Before we dive into all the fantastic cultural activities, here is a brief description of the different days that make up 'Holy Week'.
- Palm Sunday - Beginning Holy Week, Palm Sunday is celebrated on the Sunday before Easter Sunday.
- Holy Thursday - The Thursday during Holy Week, commemorating the Lord's Supper.
- Good Friday - The Friday during Holy Week. This is the day in remembrance of the crucifixion of Jesus.
- Pasqua - Easter Sunday, of course, celebrating the day that Jesus rose from the dead.
- Pasquetta - Literally translating into "little Easter", this is the Monday following Easter Sunday and is a day filled with celebration throughout Italy.
Holy Week Festivities
Pasqua in Rome
Rome is a mecca for Catholic pilgrims during the two weeks leading up to Pasqua. If you are visiting the area during this time of year and are wanting to go out to eat, be sure to:
1) See if the restaurant is open
2) Make a reservation in advance
It is not uncommon for businesses to close for Good Friday and to remain closed until after Pasquetta.

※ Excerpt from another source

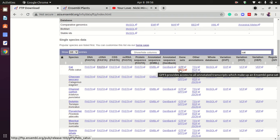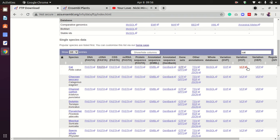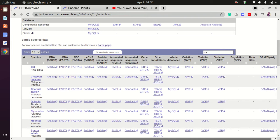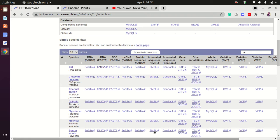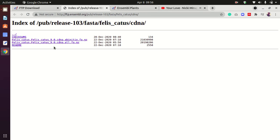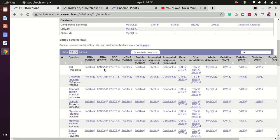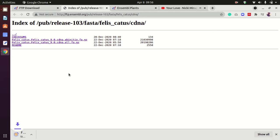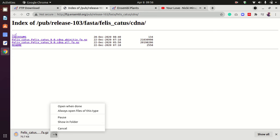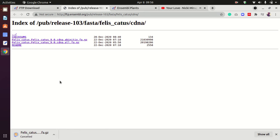If you want to download the cDNA file, just click here. I'm going to download the file. I already downloaded this, so I'll just cancel it.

Visitors gather in Rome at 5pm on Good Friday to celebrate mass with the Pope at St. Peter's Basilica and then follow a candle lit procession that includes 14 stops for prayer. The procession commemorates Via Crucis, or the walk of Christ and ends in front of the Colosseum.
Misteri di Trapani
Located in Sicily, the town of Trapani is host to the Good Friday celebration of Misteri di Trapani. The celebration, dating before 1612, includes a parade of 20 different floats made of wood consisting of individual scenes of the Passion of Christ. Lasting at least 16 hours, it is common for the procession to continue well over 24 hours!
Scoppio del Carro
On the morning of Pasqua in Florence, thousands gather for Scoppio del Carro or La Festa del Carro ('Explosion of the Cart'). This celebration includes a parade of 150 soldiers, musicians, and people dressed in 15th century attire. The people follow behind an antique cart pulled by white oxen. This festival, dating, over 350 years, concludes with a rocket in the shape of a dove holding an olive branch being launched into the cart setting off a fireworks display! This is one of the few things I have yet to see in Florence yet, have you seen it? Let me know in the comments!

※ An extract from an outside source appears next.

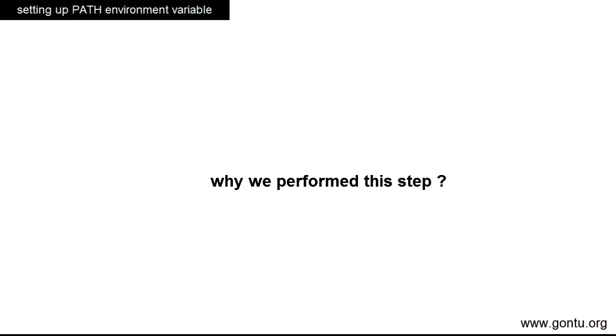Now the question is, why we set this path variable after installing Java platform, even when it is not mandatory to set it for running a Java program? Then why setting it? I'll give its answer in the next tutorial, that is running a Java program. Guys, please like this video if it really helped you and don't forget to subscribe to my YouTube channel.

On Pasquetta in Panicale, in the Umbria district of Italy, the locals host their cheese-rolling competition known as Ruzzolone. During the competition, wheels of cheese are rolled down the streets of Panicale. The person to make it around the village walls in the fewest "strokes" wins the competition and gets to keep the cheese. Although, I'm not sure how appetizing cheese that has been rolled all over the ground would be! ;)
Also held on Pasquetta in the Emilia-Romagna town of Tredozio, is the festival known as Pallia dell'uovo. The entire day is filled with activities, games, and competitions revolving around eggs, including an egg eating competition!
Similar to the United States, the dyeing of Easter eggs is a common activity for children in Italy. Sometimes they are hand painted with intricate designs, and sometimes they are solid colors. Instead of using store bought egg dye, they color their eggs with homemade dye made from boiled fruits and vegetables.
Of course, we can't talk about Italian culture without mentioning the food! Here are a few Pasqua delicacies that are certain to make your mouth water.
Children in Italy look forward to these chocolate covered eggs all year long. Beautifully decorated and delicious, inside you can find hidden surprises! They also have the Kinder chocolate eggs too!
These shortbread cookies, dolci pasquali, can be found all throughout Italy during Easter time. Commonly given as gifts, they can be found in the shape of bunnies, ducks, chickens, eggs, and other springtime symbols.
This dish, casatiello, is a salty cake filled with salami, cheese, sausage, and hard boiled egg. It is a common to find these at Easter dinners throughout Italy.
Unlike the United States, where ham is an Easter dinner staple, you are more likely to find a tender lamb at Easter dinner in Italy.
Pupi con L'uova
The Easter season is the premier time to find sweets in Italy, including cakes, cookies, and chocolates. This dessert, known as Pupi con l'uova is something that children look forward to every year. For girls, this pastry is shaped into a baby doll, whereas it can be found in different animal shaped for boys. The pastry is wrapped around hard boiled eggs that are typically dyed red.